▸ **Task description**
Using the entries that follow, report how many lines contain the word "else". Only the number is wanted.
BEGIN Given records
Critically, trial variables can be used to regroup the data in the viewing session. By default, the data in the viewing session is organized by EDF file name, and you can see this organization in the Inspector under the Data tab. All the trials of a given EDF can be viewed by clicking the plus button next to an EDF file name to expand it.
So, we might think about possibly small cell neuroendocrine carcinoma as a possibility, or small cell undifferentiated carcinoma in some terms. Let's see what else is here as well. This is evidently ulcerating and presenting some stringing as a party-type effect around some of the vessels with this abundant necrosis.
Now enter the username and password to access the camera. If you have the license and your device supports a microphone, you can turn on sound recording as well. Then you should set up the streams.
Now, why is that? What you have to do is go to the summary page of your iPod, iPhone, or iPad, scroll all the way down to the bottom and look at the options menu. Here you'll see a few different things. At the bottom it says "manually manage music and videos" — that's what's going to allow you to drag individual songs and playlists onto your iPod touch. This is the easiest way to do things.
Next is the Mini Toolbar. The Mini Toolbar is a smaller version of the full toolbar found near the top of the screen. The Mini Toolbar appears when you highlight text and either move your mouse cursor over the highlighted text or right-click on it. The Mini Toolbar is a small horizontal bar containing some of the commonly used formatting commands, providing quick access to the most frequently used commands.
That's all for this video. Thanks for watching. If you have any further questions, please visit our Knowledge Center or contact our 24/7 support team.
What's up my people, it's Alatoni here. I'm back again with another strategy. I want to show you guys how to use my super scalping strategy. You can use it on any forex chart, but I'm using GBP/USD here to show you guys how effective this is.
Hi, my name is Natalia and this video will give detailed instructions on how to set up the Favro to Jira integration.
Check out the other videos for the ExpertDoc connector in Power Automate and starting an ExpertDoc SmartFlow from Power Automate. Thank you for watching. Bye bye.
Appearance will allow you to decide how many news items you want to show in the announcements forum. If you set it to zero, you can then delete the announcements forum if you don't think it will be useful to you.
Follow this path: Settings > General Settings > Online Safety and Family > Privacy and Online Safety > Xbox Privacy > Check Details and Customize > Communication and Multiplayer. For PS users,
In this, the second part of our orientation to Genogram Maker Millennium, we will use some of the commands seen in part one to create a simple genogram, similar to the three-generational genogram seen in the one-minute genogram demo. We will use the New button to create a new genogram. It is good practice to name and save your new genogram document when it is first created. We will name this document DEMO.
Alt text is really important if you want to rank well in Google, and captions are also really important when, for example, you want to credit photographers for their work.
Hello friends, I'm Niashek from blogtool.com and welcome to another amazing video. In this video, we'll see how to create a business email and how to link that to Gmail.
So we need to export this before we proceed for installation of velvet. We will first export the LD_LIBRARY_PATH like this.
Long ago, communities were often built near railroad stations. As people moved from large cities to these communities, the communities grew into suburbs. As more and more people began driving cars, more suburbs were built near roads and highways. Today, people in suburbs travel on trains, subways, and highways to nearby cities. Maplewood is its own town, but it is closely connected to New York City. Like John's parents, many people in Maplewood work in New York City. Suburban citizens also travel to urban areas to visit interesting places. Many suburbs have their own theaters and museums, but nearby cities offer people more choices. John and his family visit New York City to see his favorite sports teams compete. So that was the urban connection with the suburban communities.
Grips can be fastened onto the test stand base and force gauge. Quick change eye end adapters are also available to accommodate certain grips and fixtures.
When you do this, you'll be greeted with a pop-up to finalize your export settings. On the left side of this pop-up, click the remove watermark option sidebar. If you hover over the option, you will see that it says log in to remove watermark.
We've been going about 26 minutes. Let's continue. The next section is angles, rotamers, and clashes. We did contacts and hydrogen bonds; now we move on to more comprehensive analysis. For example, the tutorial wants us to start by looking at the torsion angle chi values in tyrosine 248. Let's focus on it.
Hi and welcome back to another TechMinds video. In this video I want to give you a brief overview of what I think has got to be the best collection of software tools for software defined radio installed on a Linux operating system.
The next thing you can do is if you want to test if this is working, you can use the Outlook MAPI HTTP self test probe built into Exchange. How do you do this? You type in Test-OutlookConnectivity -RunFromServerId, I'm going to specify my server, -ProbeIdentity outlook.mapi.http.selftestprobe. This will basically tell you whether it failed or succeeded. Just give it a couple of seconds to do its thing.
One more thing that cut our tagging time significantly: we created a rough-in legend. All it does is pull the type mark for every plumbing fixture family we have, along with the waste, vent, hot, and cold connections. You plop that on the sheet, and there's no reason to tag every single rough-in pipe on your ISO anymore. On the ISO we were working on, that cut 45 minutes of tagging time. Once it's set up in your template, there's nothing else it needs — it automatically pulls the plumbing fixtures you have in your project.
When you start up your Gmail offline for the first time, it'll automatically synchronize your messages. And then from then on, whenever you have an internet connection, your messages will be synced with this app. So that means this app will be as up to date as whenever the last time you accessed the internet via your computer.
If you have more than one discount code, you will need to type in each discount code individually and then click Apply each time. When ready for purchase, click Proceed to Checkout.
END Given records
▸ **Result**
2